* [Task description]: When you transcribe the lines below, keep every word the same and leave the pictures behind.

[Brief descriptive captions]

--------------------

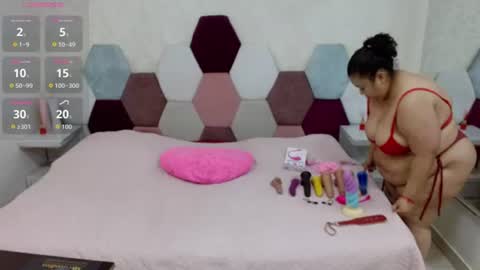 Snapshot of marianabbw_ chatting on June 2026 06:45:02 PM mariana online show from June 2026 06:45:02 PM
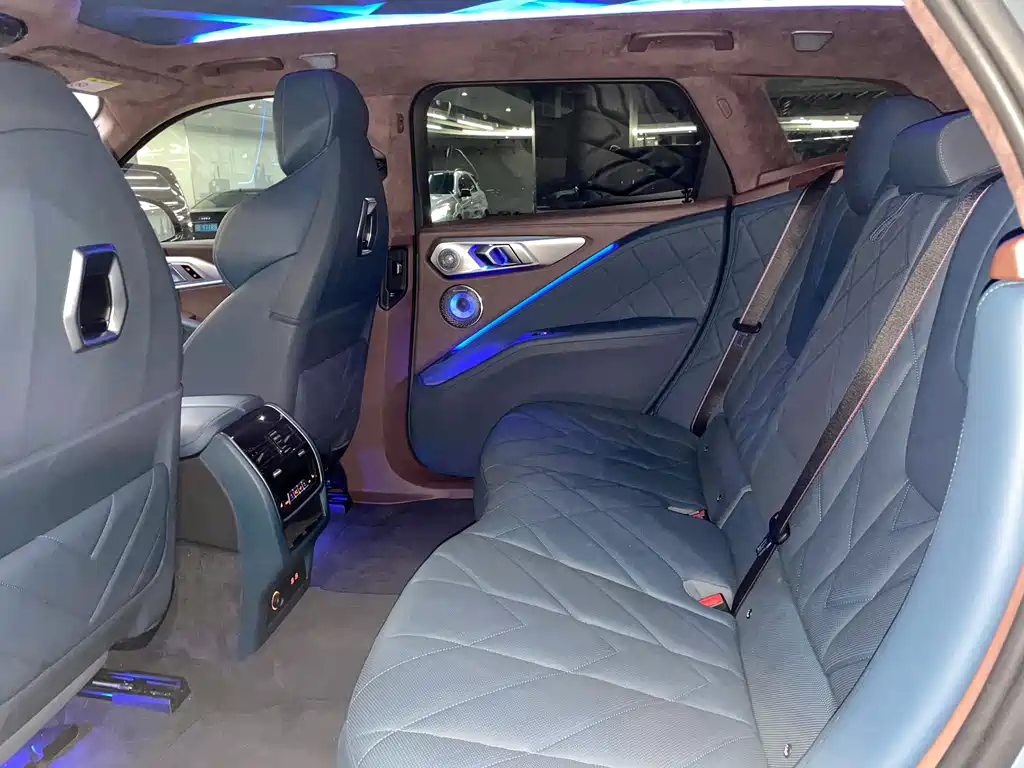 BMW BMW XM 2023 50e 2024 - thumbnail 10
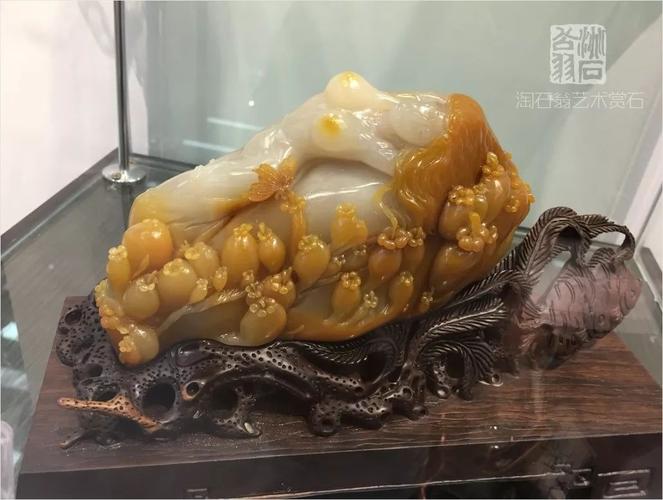 《春之梦》,很美,很有思想的一件黄蜡石雕刻作品,美中不足的是底座,和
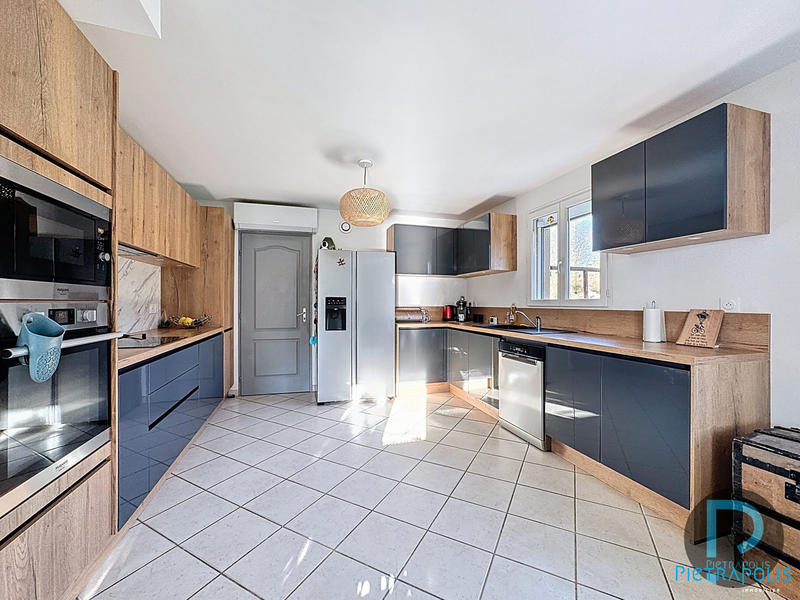 Maison - 145 m² - 6 pièces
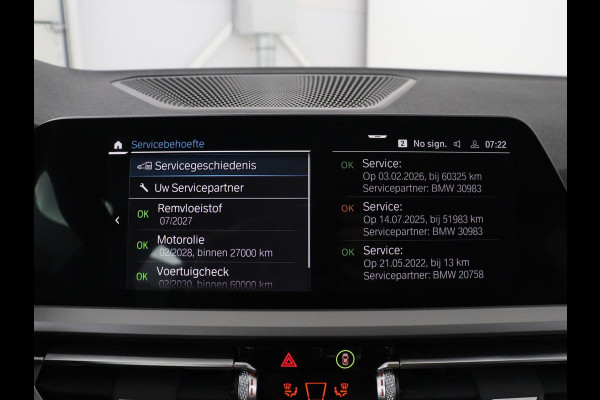 BMW 3 Serie Touring 320e Business Edition Plus | SOH 90% | Leder | Stoelverwarming | Carplay | Cruise control | Climate control | Elektrische achterklep | Park assist | PHEV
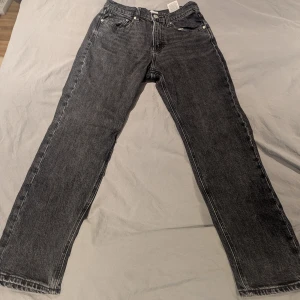 Svarta relaxed jeans Jack & Jones - Svarta jeans från Jack & Jones i relaxed fit, modell Chris. Klassisk femficksdesign, raka ben och normal midja. Jeansen är tillverkade i bomull och har en snygg tvättad finish som ger en cool vibe.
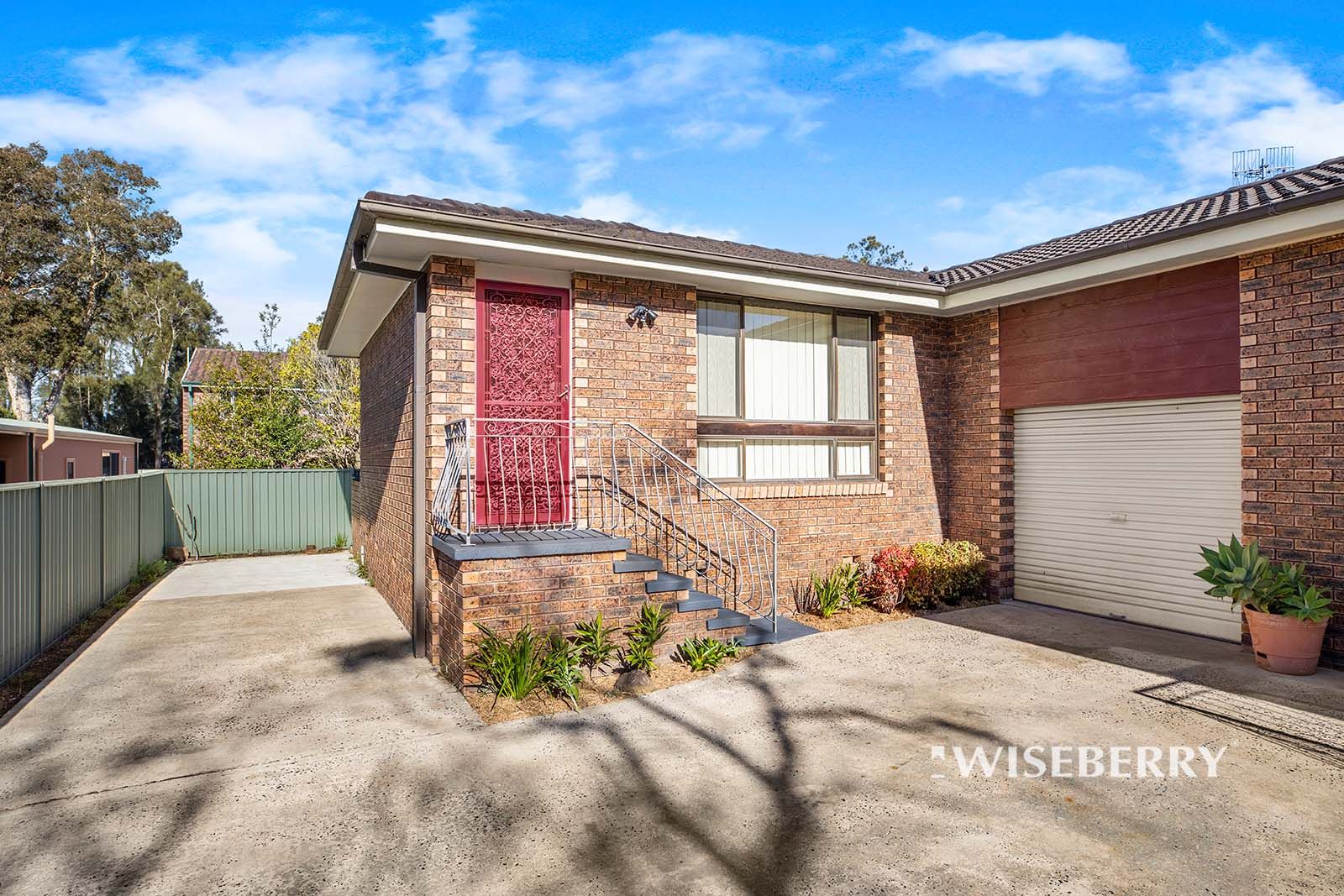 2/354 Tuggerawong Road, Tuggerawong NSW 2259, Image 0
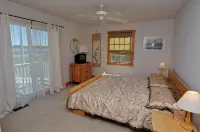 Epiphany-Deep Hole Creek-Chincoteague - Deep Water Dock! 2 King 4 Twin 5 Bath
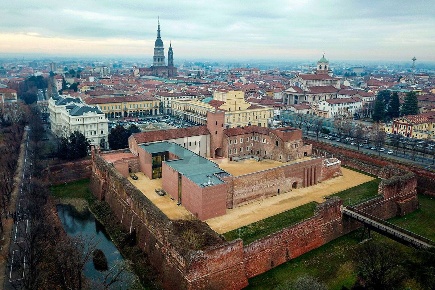 Foto Locale commerciale a Novara Centro Storico di 155 m² con 2 locali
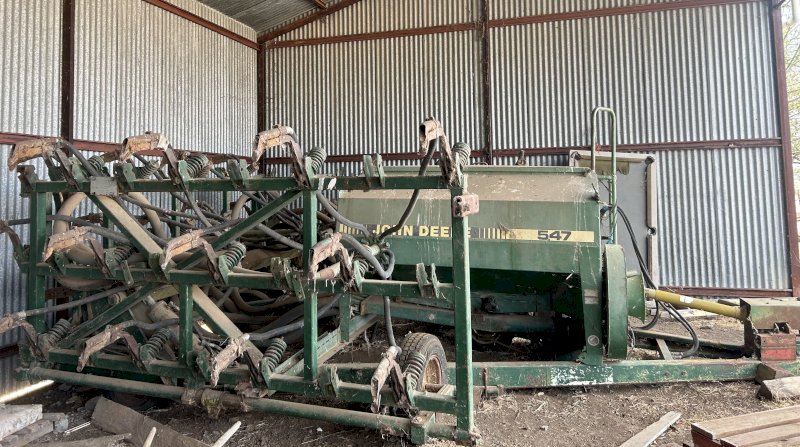 John Deere 547 Air seeder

--------------------

* [Output of the task]:
 Snapshot of marianabbw_ chatting on June 2026 06:45:02 PM mariana online show from June 2026 06:45:02 PM
 BMW BMW XM 2023 50e 2024 - thumbnail 10
 《春之梦》,很美,很有思想的一件黄蜡石雕刻作品,美中不足的是底座,和
 Maison - 145 m² - 6 pièces
 BMW 3 Serie Touring 320e Business Edition Plus | SOH 90% | Leder | Stoelverwarming | Carplay | Cruise control | Climate control | Elektrische achterklep | Park assist | PHEV
 Svarta relaxed jeans Jack & Jones - Svarta jeans från Jack & Jones i relaxed fit, modell Chris. Klassisk femficksdesign, raka ben och normal midja. Jeansen är tillverkade i bomull och har en snygg tvättad finish som ger en cool vibe.
 2/354 Tuggerawong Road, Tuggerawong NSW 2259, Image 0
 Epiphany-Deep Hole Creek-Chincoteague - Deep Water Dock! 2 King 4 Twin 5 Bath
 Foto Locale commerciale a Novara Centro Storico di 155 m² con 2 locali
 John Deere 547 Air seeder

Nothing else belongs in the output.